### Brief
Given the entries that follow, write out exactly the lines starting at the one containing "Sodalite Facetted Pendulum" and ending at the one containing "Channel Mink trim Jacket", both ends included, and only those.

### Data under study
....................

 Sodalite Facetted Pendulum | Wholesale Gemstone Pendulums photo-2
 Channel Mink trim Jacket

....................

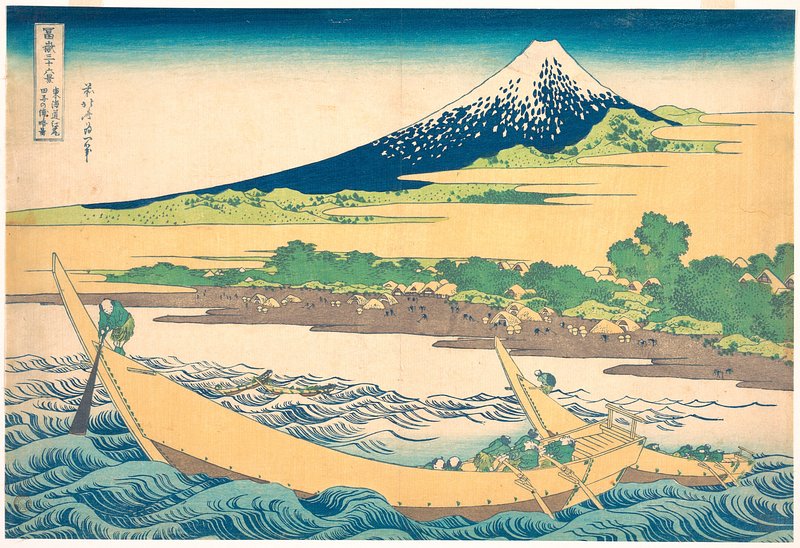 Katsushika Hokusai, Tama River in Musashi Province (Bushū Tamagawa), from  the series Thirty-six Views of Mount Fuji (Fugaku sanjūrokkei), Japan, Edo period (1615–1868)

....................

### Output of the task
 Sodalite Facetted Pendulum | Wholesale Gemstone Pendulums photo-2
 Channel Mink trim Jacket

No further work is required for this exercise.